A talk with colleagues recently sent me back to the book by Michael K. Brown and several colleagues, Whitewashing Race: The Myth of a Color-Blind Society (University of California Press, 2003). The Introduction to their volume is an excellent discussion of the phenomenon of what scholars call “whiteness,” the privileges that whites enjoy by living in our present American society, which is invisible to the whites because they don’t see how it is built on systemic discrimination aimed at nonwhites. What I want to talk about in this blog post is how closely the conservative response to the challenge of “whiteness” relies on economism as its fundamental ideology.
Brown and colleagues spend most of their Introduction addressing what they call “racial realism,” the position advocated primarily by conservative opponents of affirmative action and similar government programs. Racial realism, they say, claims three things:
· Contrary to the liberal myth that America is basically racist, the country has made great strides in rectifying racial inequality in recent years, so the problem has been solved and we really need to move on.
· Any persistent inequalities in income, employment, housing, health care, etc. can no longer be explained by white racism and must be due to unwise, irresponsible choices made by individual people of color.
· Current failures of the civil rights movement are caused by the self-serving behavior of its leaders, who don’t serve the interests of their constituents and merely want to keep themselves in power.
Brown et al’s book is basically a set of essays designed to refute all these claims, and they briefly go over the evidence against each in their Introduction. In the process of refuting the claims, they make clear how much those making the conservative case rely on the belief system of economism.
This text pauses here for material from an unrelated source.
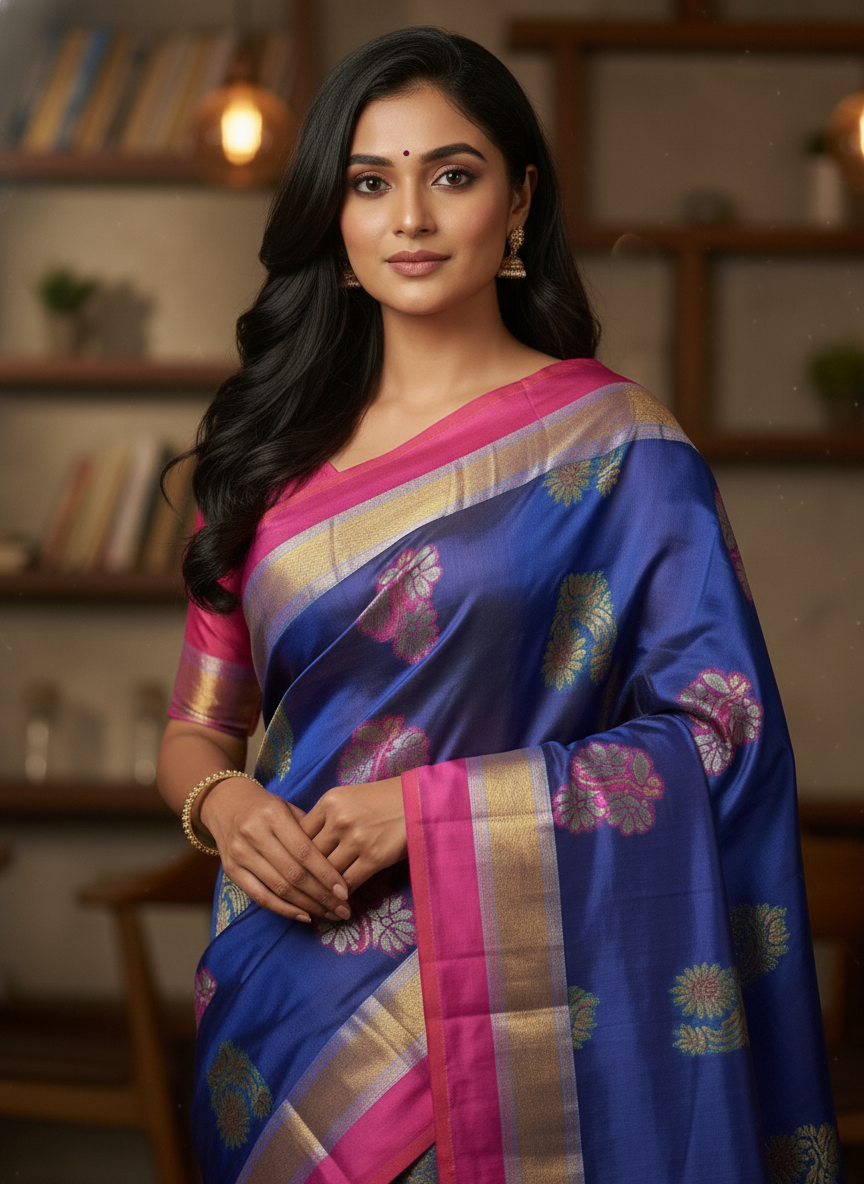 Navy Pure Kancheepuram Silk Saree |AS-0063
A central tenet of economism is that if you’re poor, you got that way through your own individual actions and not because of any institutional or systemic factors; and if you’re rich, you got that way because of your own hard work and responsible behavior. So the most threatening thing to say to any economism true believer is that a person might be hardworking and deserving and still end up poor, or vice versa. Therefore, any suggestion that our society remains racist, so that blacks have an automatic disadvantage that’s outside of any individual’s control, has to be fought off with everything in the economism arsenal (like assembling all the evidence of progress toward racial inequality, and ignoring the mountains of evidence on how much inequality still exists).
The second major belief of economism is that the free market is the solution for all human problems, and government regulation always makes a problem worse. If despite some recent progress (which Brown and company hardly deny), America today remains rife with institutional racial prejudice, it seems pretty clear that the marketplace has not fixed it and that the only way to level the playing field is through some form of government policies. But such a conclusion is simply not acceptable to this group of thinkers, so they need to deny the problem rather than admit the possible need for solution (just as they have done with climate change).
Brown and colleagues, in passing, tell a story that I think goes to the heart of the claims of “racial realism.” Prof. Andrew Hacker, in his book Two Nations (Ballantine, 1992), describes an experiment he performed with his white college students. He asked them how much money they would demand as fair compensation if they were to be changed from white to black; and they replied that they’d consider it a fair deal if they received $1 million a year.
I assume that as part of this experiment, the students took for granted that they’d stay the same people in all other aspects of life other than skin color. That is, if they had succeeded in college thus far by hard work and responsible behavior, they’d continue to act that way after the color change. So if racial realism was a true description of U.S. society, they might see the level of disadvantage they’d face as something easily compensated for by much less than a cool million a year.
Obviously, these students, based on their own up close and personal view of how society works (and perhaps also informed by looking into the secret recesses of their own racial thinking) were having none of this. They knew how little all their individual good behavior, and positive upbringing in white schools and white homes, would count as soon as they could be found guilty of “driving while black,” or went out on the job market as a black person, or went to see a doctor or got admitted to a hospital.
The Hacker experiment should be especially persuasive to believers in economism, because it’s a free market answer. He got a free-market estimate from his students as to the actual cost of being black in America.